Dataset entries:

- - -

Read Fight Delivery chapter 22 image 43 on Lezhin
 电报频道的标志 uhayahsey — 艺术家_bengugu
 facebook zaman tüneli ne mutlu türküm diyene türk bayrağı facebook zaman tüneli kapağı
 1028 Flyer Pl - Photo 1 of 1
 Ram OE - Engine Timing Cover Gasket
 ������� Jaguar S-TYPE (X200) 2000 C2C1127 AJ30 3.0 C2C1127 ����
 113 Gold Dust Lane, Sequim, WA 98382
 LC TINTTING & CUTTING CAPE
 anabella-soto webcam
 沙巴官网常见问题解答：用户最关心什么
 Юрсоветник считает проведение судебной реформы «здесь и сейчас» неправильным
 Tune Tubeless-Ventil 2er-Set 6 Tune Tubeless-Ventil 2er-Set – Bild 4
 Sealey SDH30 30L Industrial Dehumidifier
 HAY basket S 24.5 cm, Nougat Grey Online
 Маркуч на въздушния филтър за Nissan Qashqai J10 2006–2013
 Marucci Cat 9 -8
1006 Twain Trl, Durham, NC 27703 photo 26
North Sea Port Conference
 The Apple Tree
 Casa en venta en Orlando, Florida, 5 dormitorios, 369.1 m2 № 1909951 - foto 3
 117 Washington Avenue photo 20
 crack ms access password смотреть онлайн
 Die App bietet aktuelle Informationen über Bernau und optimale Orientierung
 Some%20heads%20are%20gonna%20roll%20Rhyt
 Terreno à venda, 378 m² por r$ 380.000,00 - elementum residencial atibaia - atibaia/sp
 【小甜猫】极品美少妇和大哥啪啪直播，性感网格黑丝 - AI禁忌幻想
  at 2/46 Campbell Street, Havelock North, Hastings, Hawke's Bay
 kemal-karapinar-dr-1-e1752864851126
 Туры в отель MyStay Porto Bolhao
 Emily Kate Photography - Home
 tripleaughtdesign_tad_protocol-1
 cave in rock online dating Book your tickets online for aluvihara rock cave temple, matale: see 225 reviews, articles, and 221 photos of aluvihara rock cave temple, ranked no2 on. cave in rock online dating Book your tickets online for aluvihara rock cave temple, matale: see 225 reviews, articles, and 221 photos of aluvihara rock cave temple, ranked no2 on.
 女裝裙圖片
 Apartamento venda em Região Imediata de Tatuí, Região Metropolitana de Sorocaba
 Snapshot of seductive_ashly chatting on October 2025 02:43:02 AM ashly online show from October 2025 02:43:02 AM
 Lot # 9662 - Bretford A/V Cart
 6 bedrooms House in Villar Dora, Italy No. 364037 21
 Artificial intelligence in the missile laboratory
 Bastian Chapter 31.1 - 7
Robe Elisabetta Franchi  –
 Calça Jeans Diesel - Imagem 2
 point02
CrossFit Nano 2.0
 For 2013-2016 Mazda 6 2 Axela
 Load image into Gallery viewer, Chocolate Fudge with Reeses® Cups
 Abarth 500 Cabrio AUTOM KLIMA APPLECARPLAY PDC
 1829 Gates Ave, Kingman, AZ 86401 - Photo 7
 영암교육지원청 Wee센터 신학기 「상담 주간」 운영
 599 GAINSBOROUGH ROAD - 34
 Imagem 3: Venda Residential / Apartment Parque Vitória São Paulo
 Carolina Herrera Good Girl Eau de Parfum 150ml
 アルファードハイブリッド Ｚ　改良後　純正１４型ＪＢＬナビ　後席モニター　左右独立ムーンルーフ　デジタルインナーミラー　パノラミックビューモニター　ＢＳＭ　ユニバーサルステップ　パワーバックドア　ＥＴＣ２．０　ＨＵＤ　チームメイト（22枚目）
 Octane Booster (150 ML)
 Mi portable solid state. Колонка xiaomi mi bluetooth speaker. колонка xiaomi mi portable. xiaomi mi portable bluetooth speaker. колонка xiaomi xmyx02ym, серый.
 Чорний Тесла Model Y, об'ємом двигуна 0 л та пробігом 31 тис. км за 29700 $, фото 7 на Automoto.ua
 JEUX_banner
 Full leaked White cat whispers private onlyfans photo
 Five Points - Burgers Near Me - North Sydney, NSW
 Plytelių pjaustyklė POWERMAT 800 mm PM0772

- - -

> WORK REQUEST: Quote all the records. Keep every word exact.

> FINISHED EXERCISE:
Read Fight Delivery chapter 22 image 43 on Lezhin
 电报频道的标志 uhayahsey — 艺术家_bengugu
 facebook zaman tüneli ne mutlu türküm diyene türk bayrağı facebook zaman tüneli kapağı
 1028 Flyer Pl - Photo 1 of 1
 Ram OE - Engine Timing Cover Gasket
 ������� Jaguar S-TYPE (X200) 2000 C2C1127 AJ30 3.0 C2C1127 ����
 113 Gold Dust Lane, Sequim, WA 98382
 LC TINTTING & CUTTING CAPE
 anabella-soto webcam
 沙巴官网常见问题解答：用户最关心什么
 Юрсоветник считает проведение судебной реформы «здесь и сейчас» неправильным
 Tune Tubeless-Ventil 2er-Set 6 Tune Tubeless-Ventil 2er-Set – Bild 4
 Sealey SDH30 30L Industrial Dehumidifier
 HAY basket S 24.5 cm, Nougat Grey Online
 Маркуч на въздушния филтър за Nissan Qashqai J10 2006–2013
 Marucci Cat 9 -8
1006 Twain Trl, Durham, NC 27703 photo 26
North Sea Port Conference
 The Apple Tree
 Casa en venta en Orlando, Florida, 5 dormitorios, 369.1 m2 № 1909951 - foto 3
 117 Washington Avenue photo 20
 crack ms access password смотреть онлайн
 Die App bietet aktuelle Informationen über Bernau und optimale Orientierung
 Some%20heads%20are%20gonna%20roll%20Rhyt
 Terreno à venda, 378 m² por r$ 380.000,00 - elementum residencial atibaia - atibaia/sp
 【小甜猫】极品美少妇和大哥啪啪直播，性感网格黑丝 - AI禁忌幻想
  at 2/46 Campbell Street, Havelock North, Hastings, Hawke's Bay
 kemal-karapinar-dr-1-e1752864851126
 Туры в отель MyStay Porto Bolhao
 Emily Kate Photography - Home
 tripleaughtdesign_tad_protocol-1
 cave in rock online dating Book your tickets online for aluvihara rock cave temple, matale: see 225 reviews, articles, and 221 photos of aluvihara rock cave temple, ranked no2 on. cave in rock online dating Book your tickets online for aluvihara rock cave temple, matale: see 225 reviews, articles, and 221 photos of aluvihara rock cave temple, ranked no2 on.
 女裝裙圖片
 Apartamento venda em Região Imediata de Tatuí, Região Metropolitana de Sorocaba
 Snapshot of seductive_ashly chatting on October 2025 02:43:02 AM ashly online show from October 2025 02:43:02 AM
 Lot # 9662 - Bretford A/V Cart
 6 bedrooms House in Villar Dora, Italy No. 364037 21
 Artificial intelligence in the missile laboratory
 Bastian Chapter 31.1 - 7
Robe Elisabetta Franchi  –
 Calça Jeans Diesel - Imagem 2
 point02
CrossFit Nano 2.0
 For 2013-2016 Mazda 6 2 Axela
 Load image into Gallery viewer, Chocolate Fudge with Reeses® Cups
 Abarth 500 Cabrio AUTOM KLIMA APPLECARPLAY PDC
 1829 Gates Ave, Kingman, AZ 86401 - Photo 7
 영암교육지원청 Wee센터 신학기 「상담 주간」 운영
 599 GAINSBOROUGH ROAD - 34
 Imagem 3: Venda Residential / Apartment Parque Vitória São Paulo
 Carolina Herrera Good Girl Eau de Parfum 150ml
 アルファードハイブリッド Ｚ　改良後　純正１４型ＪＢＬナビ　後席モニター　左右独立ムーンルーフ　デジタルインナーミラー　パノラミックビューモニター　ＢＳＭ　ユニバーサルステップ　パワーバックドア　ＥＴＣ２．０　ＨＵＤ　チームメイト（22枚目）
 Octane Booster (150 ML)
 Mi portable solid state. Колонка xiaomi mi bluetooth speaker. колонка xiaomi mi portable. xiaomi mi portable bluetooth speaker. колонка xiaomi xmyx02ym, серый.
 Чорний Тесла Model Y, об'ємом двигуна 0 л та пробігом 31 тис. км за 29700 $, фото 7 на Automoto.ua
 JEUX_banner
 Full leaked White cat whispers private onlyfans photo
 Five Points - Burgers Near Me - North Sydney, NSW
 Plytelių pjaustyklė POWERMAT 800 mm PM0772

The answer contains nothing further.